His eyes are wide and beautiful, 
my own feel dull and old 
They can't recall some buoyancy, 
they’ve had too much to hold, let them go 

Floating past a daytime moon 
transparent as a shell 
Rubies in a well, sixteen apples on a tree 
we never would have seen 
if his fingers weren’t so free 

Our baby learned to run today 
in circles on the grass 
His joyful face it radiates 
These moments go so fast, let them go

*

This song, as I take it, is a picture of a moment, or moments with loved ones*, and the central theme is not attaching oneself to any particular thing in one's mind or in the past, but the beauty and the love that radiates within those precious moments. This becomes increasingly hard to do as we grow older, for we tend to get stuck on our stock of acquired default reactions and impressions to things. Deb and Steve look at the eyes of their child and feel old in comparison, because a child experiences everything as fresh, new, untainted.
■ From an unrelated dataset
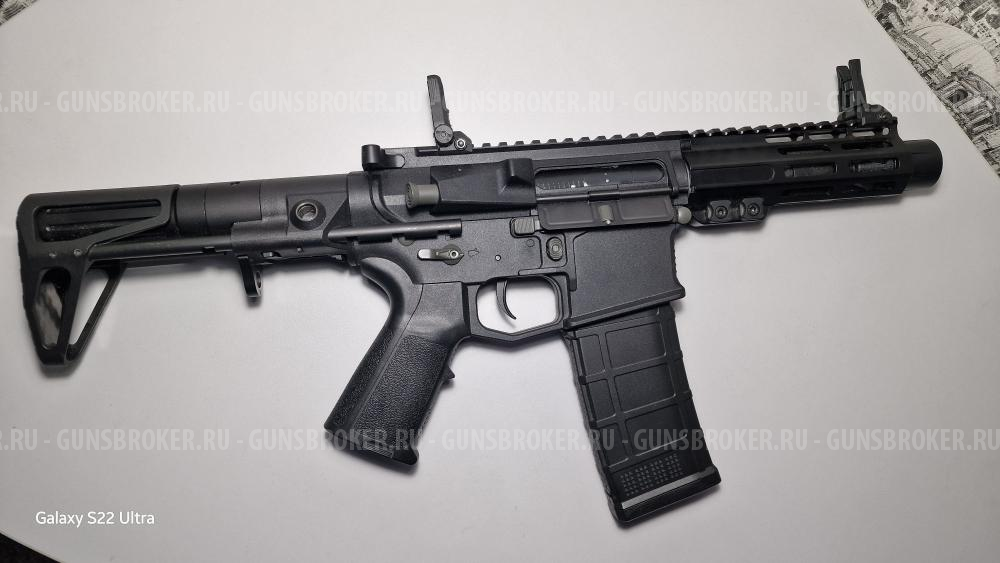 Arcturus ULR PDW 5.5‘ Ambi AEG Lite (AT-NY05)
The way they go from using "you" in the first verse to the chorus makes me think that they are also wishing this for their child, almost like a parent's prayer, wishing that their child will grow up staying light and free as he is in his present young age.

There may be times in life where thinking and analyzing things have their place, but once every little while, we need to step back and just submit to the present moment in order to enjoy the good things that are abundant in our lives if we only made it a point to take notice. The song beautifully describes the act of letting go of balloons, releasing them to the sky through the eyes of an imaginative child, and this simple act that can even be considered as wasteful if done by accident, becomes almost like magic, and invites metaphors involving apples and rubies.

Let them go, buuuuuuddy..
I don't think they mean to say that we should ignore the bad in the world everyday and stay ignorant of things to be happy, I just think that this song is about zooming in on a moment with a child, having a break from things that weigh us down to enjoy it, for we also will inevitably need to let the good moments go. So instead of holding on to the bad stuff, keeping them with you, letting them get in the way of you enjoying the present like children do, you let go. Like a sponge, you squeeze out all of the muck keeping you heavy. And then you get to soak in every new moment fully, deeply, as if you were new.


*Edit: I forgot to mention that it strikes me that in the story the child mistakenly lets go of the balloons that he was supposed to hold, and instead of seeing this as a bad thing, these awesome adults looked at the beauty of the moment and attributed beautiful accidents to the willingness of a child to let go... and wrote a beautiful song about it.